UN to Lead Initial Post-Gadhafi Phase in Libya
Margaret Besheer
United Nations
U.N. Secretary-General Ban Ki-moon said Tuesday that there is broad international consensus that the United Nations should lead the post-Gadhafi phase in Libya. Mr. Ban told the U.N. Security Council that the National Transitional Council, or NTC, appears to be largely in control of the capital, Tripoli, and that he believes a “quick conclusion” to the conflict is in sight.
Mr. Ban told the 15-member council that he has spoken several times during the past week with the Chairman of the NTC, Mustafa Abdel Jalil. He said they discussed the U.N.’s role in Libya during the coming months in areas such as election assistance, justice, security enforcement and humanitarian assistance.

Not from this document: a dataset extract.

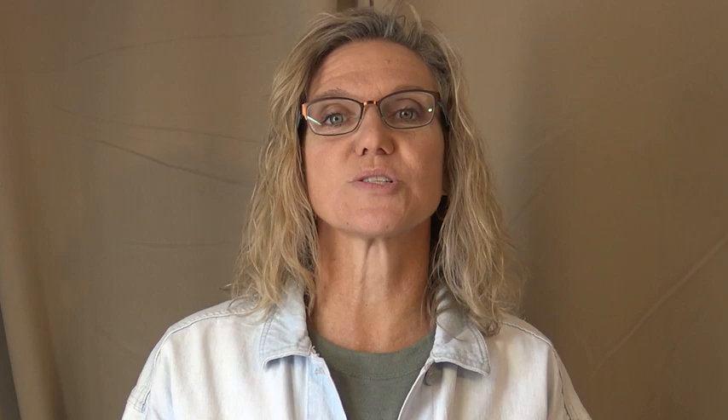If you haven't caught any of my videos, I have plenty of videos that take you step by step on how to weave a rug. Today's video will give you pretty much everything you need — it's just going to go in a different order. I'm just going to focus on the hot questions that people ask when I put a video together.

The secretary-general said the Libyan people are looking to the international community for help and that the National Transitional Council will outline its specific needs in the coming days.
Mr. Ban noted that the heads of regional organizations, including the European Union, the African Union and the Arab League, also support the United Nations leading post-conflict efforts.
“My aim is to get U.N. personnel on the ground absolutely as quickly as possible, under a robust Security Council mandate,” he said.
Mr. Ban's special advisor on post-conflict planning, Ian Martin, told reporters after the council’s meeting that U.N. assistance would not be in the form of peacekeepers deployed to the country, but that the NTC might consider U.N. assistance in training Libya's future police force.
“In our discussions with the NTC, it is very clear that the Libyans want to avoid any military deployment by the U.N. or others. They are very seriously interested in assistance with policing to get the public security situation under control and gradually develop a democratically accountable public security force,” Marten said.
Also Tuesday, the U.N. Security Council’s sanctions committee on Libya approved the release of a little more than a billion dollars in frozen Libyan assets from British banks.
Britain’s Foreign Secretary William Hague said the money would go to help address urgent humanitarian needs, pay the salaries of key public sector employees and free up cash in the Libyan economy. Those funds are in addition to the $1.5 billion held in U.S. banks that the committee unfroze last Thursday.